=== To do ===
Could you give back exactly the lines below from the one with "Babakan Ciparay For" through the one with "Green Kempstone Dual Tone Necklace Set", without a single picture?

··· Information

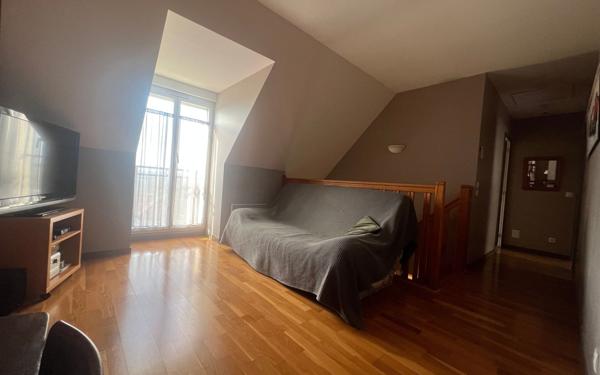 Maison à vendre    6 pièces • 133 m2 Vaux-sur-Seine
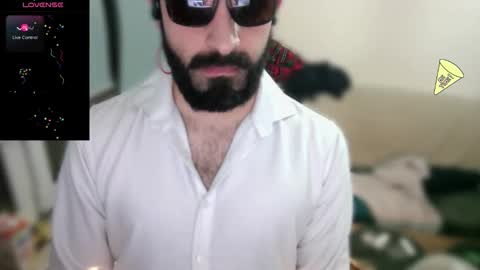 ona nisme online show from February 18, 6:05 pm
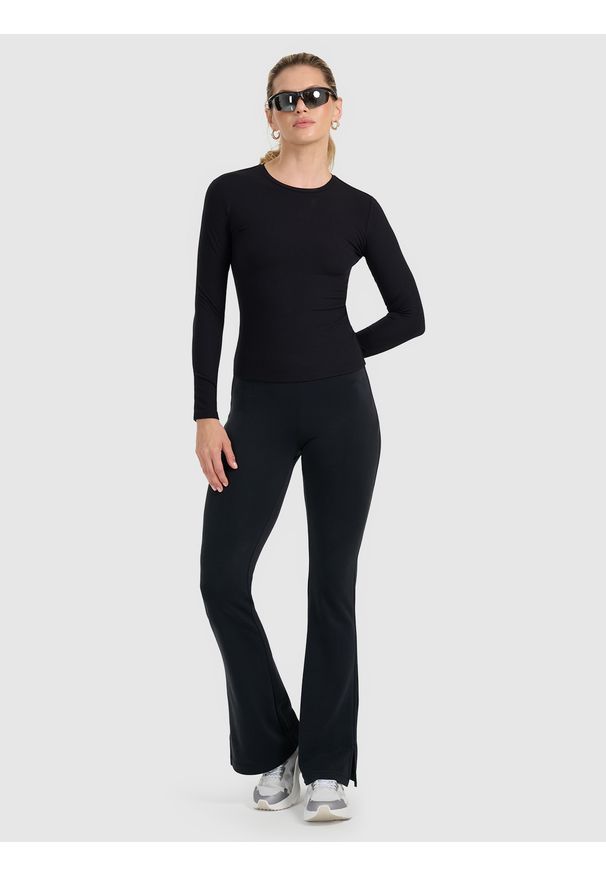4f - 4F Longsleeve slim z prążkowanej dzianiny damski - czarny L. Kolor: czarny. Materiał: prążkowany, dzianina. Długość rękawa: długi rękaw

······
··· Information

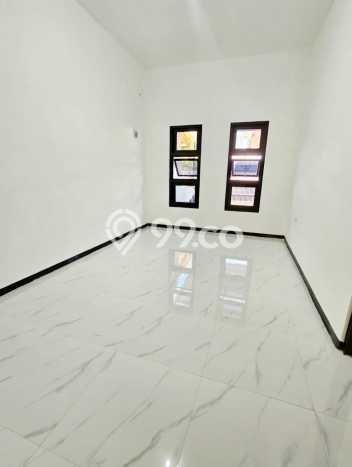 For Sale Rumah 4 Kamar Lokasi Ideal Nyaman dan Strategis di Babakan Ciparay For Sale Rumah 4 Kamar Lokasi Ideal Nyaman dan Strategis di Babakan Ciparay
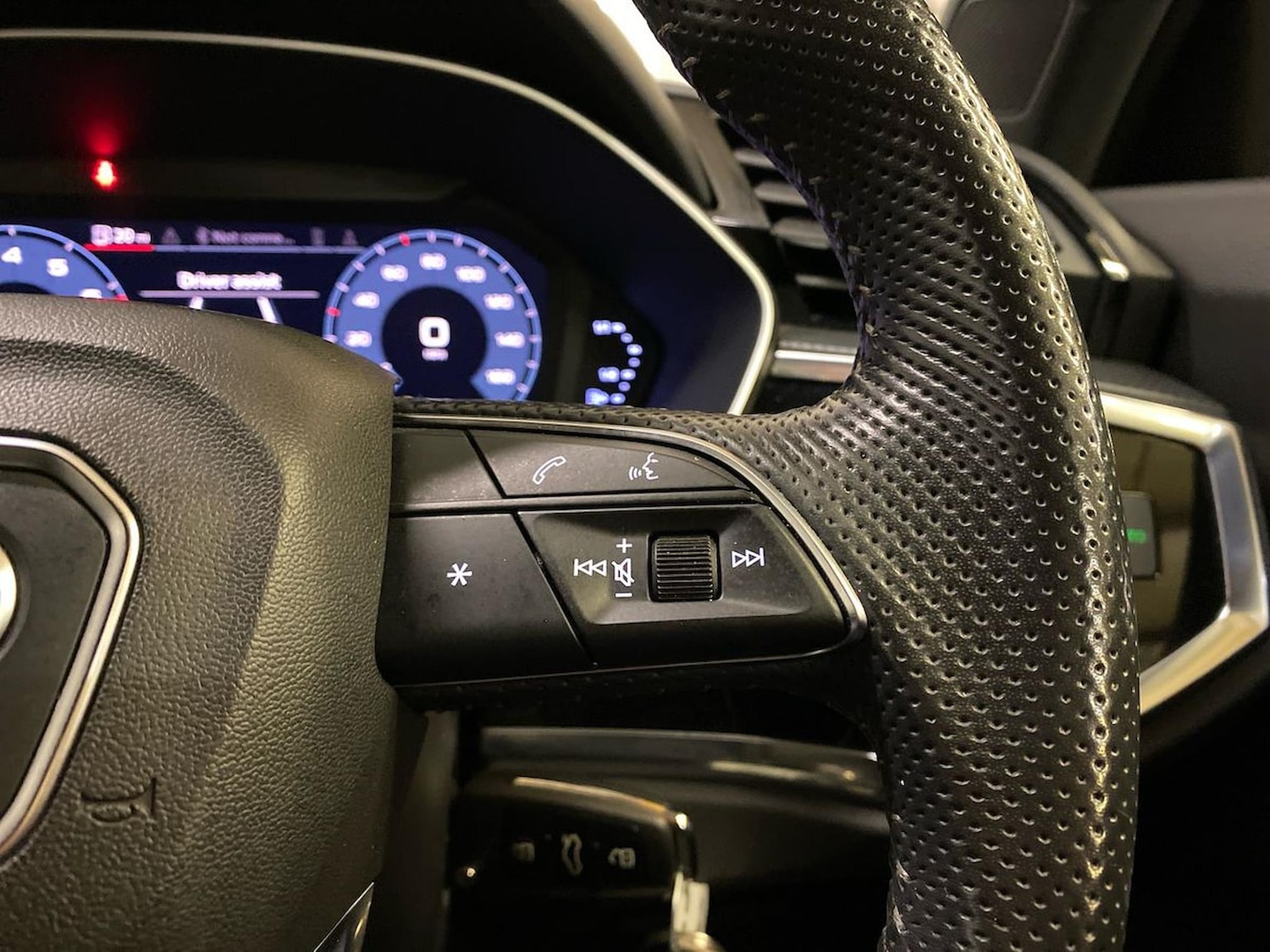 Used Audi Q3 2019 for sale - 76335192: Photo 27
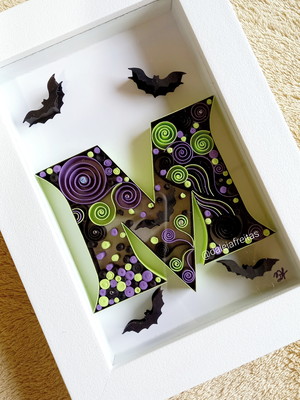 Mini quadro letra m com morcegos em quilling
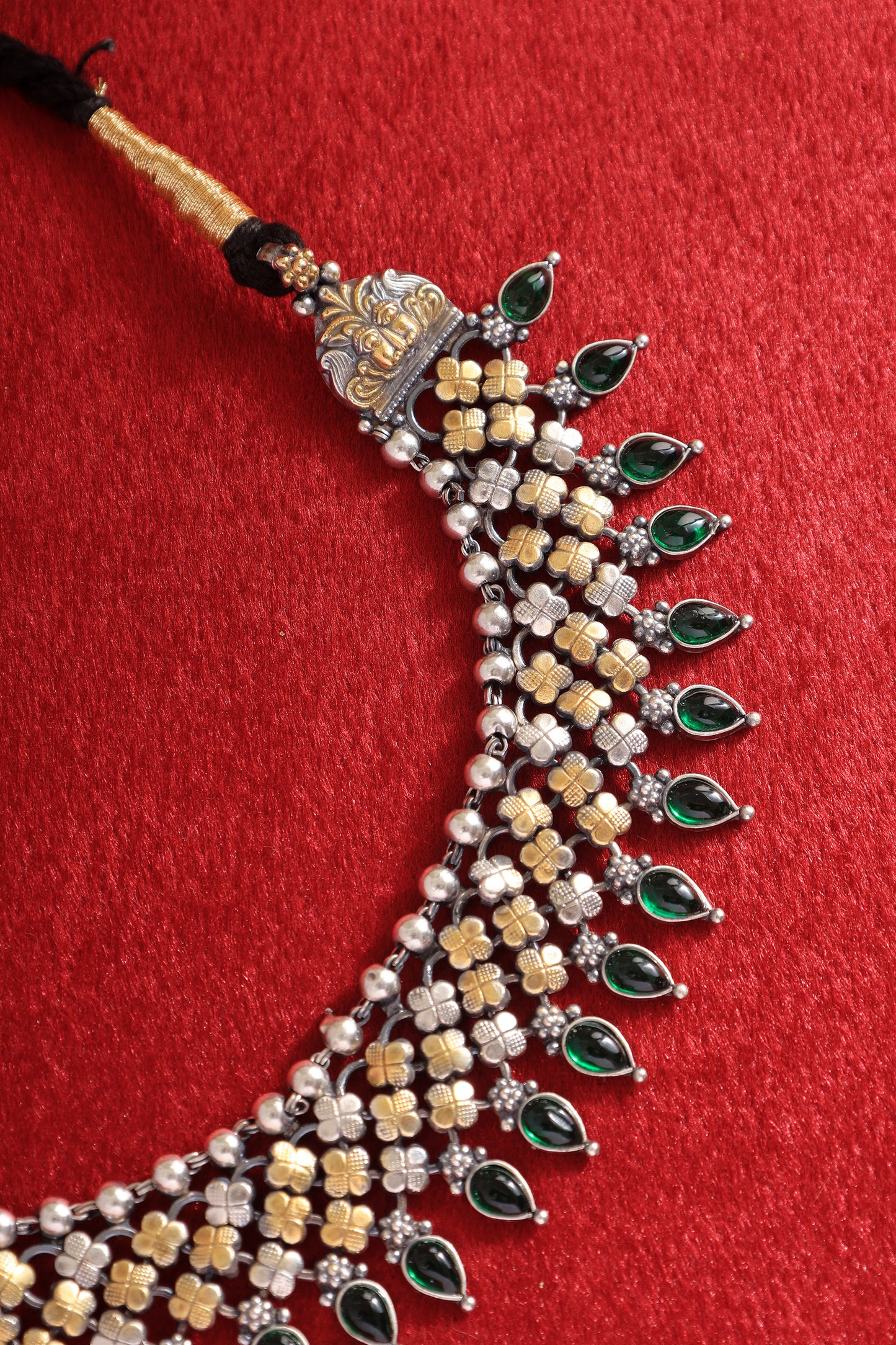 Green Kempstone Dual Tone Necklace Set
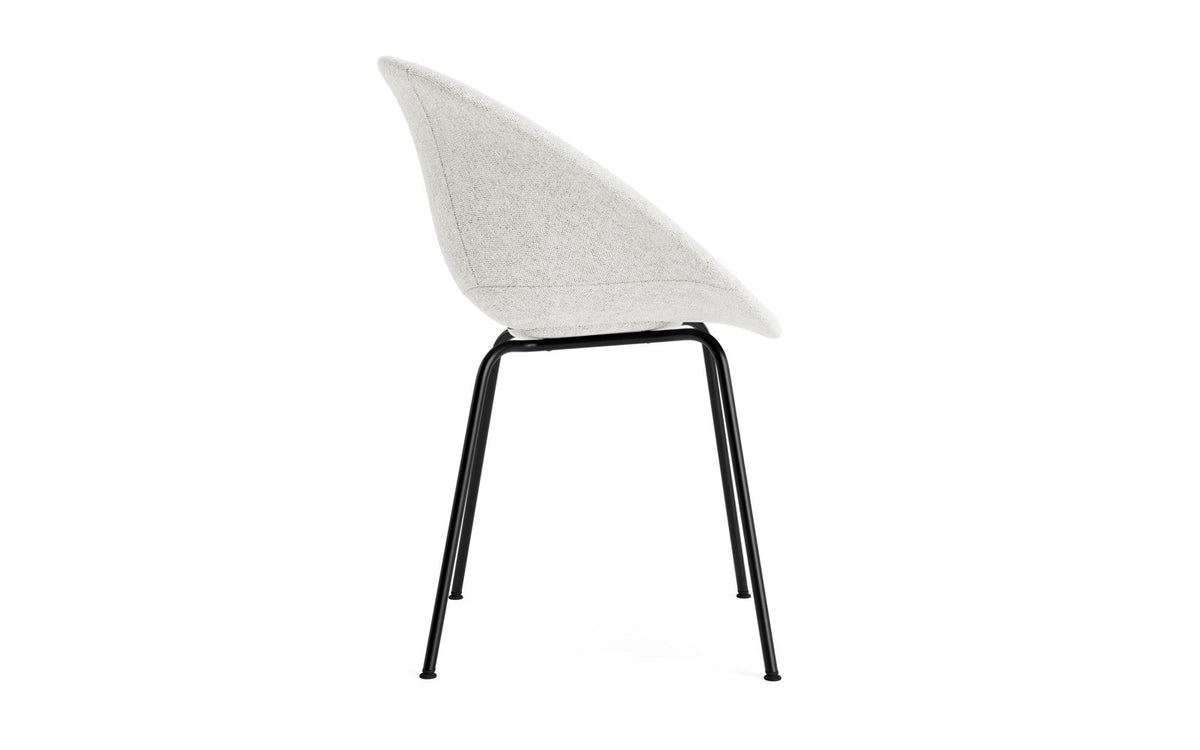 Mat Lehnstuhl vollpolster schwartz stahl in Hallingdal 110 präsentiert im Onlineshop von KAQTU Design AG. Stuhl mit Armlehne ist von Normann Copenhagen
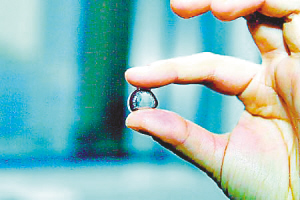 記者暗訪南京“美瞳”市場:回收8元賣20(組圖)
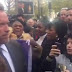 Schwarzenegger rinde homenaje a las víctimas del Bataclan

······

=== Result for this task ===
 For Sale Rumah 4 Kamar Lokasi Ideal Nyaman dan Strategis di Babakan Ciparay For Sale Rumah 4 Kamar Lokasi Ideal Nyaman dan Strategis di Babakan Ciparay
 Used Audi Q3 2019 for sale - 76335192: Photo 27
 Mini quadro letra m com morcegos em quilling
 Green Kempstone Dual Tone Necklace Set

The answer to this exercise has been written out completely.